Solutions: 28 — Sort for locality
Exercise 1 — Compute spatial cells
#![allow(unused)]
fn main() {
fn spatial_cell(pos: (f32, f32), cell_size: f32) -> u32 {
let x = (pos.0 / cell_size).floor() as i32 as u32 & 0xFFFF;
let y = (pos.1 / cell_size).floor() as i32 as u32 & 0xFFFF;
(x << 16) | y
}
}
For 1 000 random creatures in a 100 × 100 world with cell_size = 10:
#![allow(unused)]
fn main() {
let mut hist = std::collections::BTreeMap::new();
for &p in &pos {
*hist.entry(spatial_cell(p, 10.0)).or_insert(0) += 1;
}
}
Output: roughly 100 cells, each holding ~10 creatures (uniform distribution). A skewed distribution would cluster.
Exercise 2 — Sort by cell
#![allow(unused)]
fn main() {
fn sort_creatures_for_locality(world: &mut World, cell_size: f32) {
let n = world.pos.len();
let mut order: Vec<usize> = (0..n).collect();
order.sort_by_key(|&i| spatial_cell(world.pos[i], cell_size));
apply_permutation_inplace(&mut world.pos, &order);
apply_permutation_inplace(&mut world.vel, &order);
apply_permutation_inplace(&mut world.energy, &order);
apply_permutation_inplace(&mut world.id, &order);
// also: gen, birth_t
// Rebuild id_to_slot
for (new_slot, &id) in world.id.iter().enumerate() {
world.id_to_slot[id as usize] = new_slot as u32;
}
}
}
After the sort, pos[0..10] are all in the same cell (or a small number of adjacent cells). Spatial neighbours are now memory neighbours.

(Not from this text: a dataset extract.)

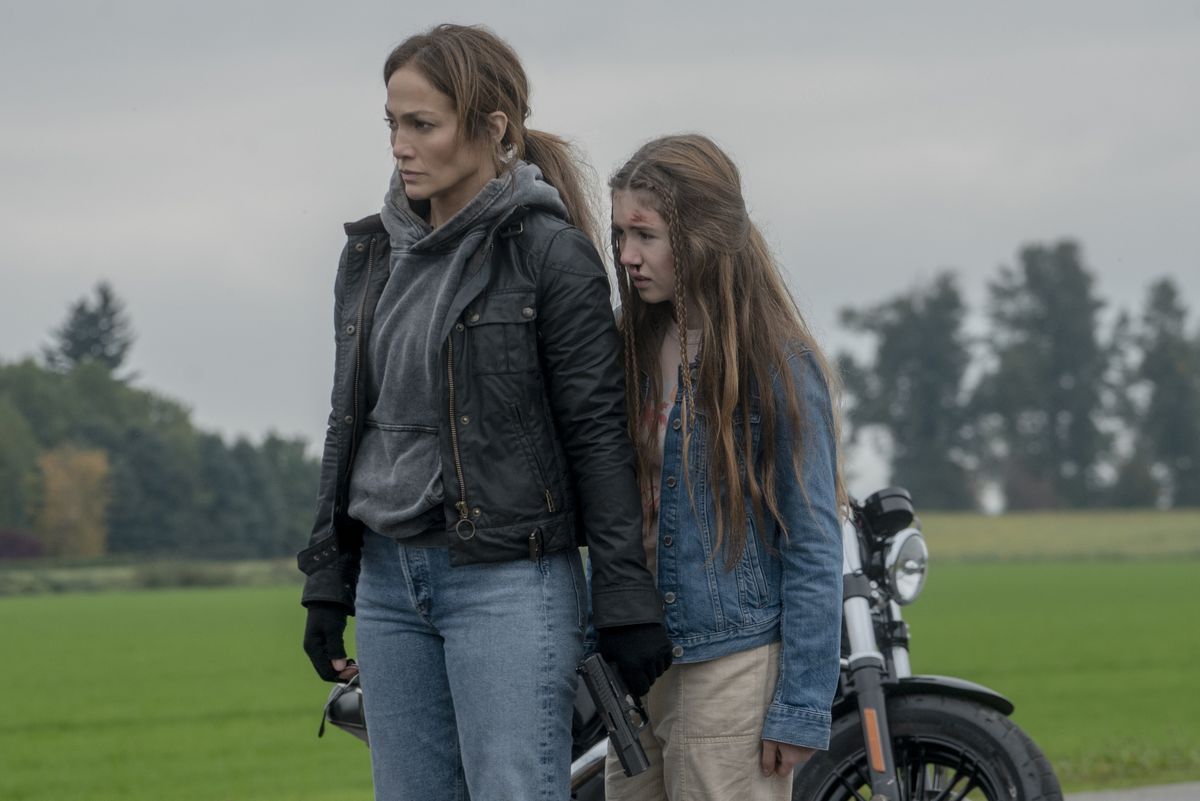 Jennifer Lopez, con indosso una giacca di pelle, sta protettivamente davanti a Lucy Paez, davanti a una motocicletta, in The Mother.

Exercise 4 — Time next_event
A naive next_event for each creature scans the next 100 entries of pos:
Pre-sort: those 100 entries are random — random RAM access, ~50–100 ns per check, ~5 µs per creature. At 1M creatures, ~5 seconds per tick. Impossible.
Post-sort: those 100 entries are spatial neighbours — sequential reads, ~1–2 ns per check, ~150 ns per creature. At 1M creatures, ~150 ms per tick. Still over budget for 30 Hz, but ~30× faster.
The combination with the sort cadence (exercise 5) usually brings this in budget.
Exercise 5 — Sort cadence
Sort cost at 1M: ~10 ms. Per-tick savings on next_event post-sort: ~500 ms (compared to pre-sort). One sort every 50 ticks amortises sort cost to 0.2 ms/tick — vastly cheaper than the savings.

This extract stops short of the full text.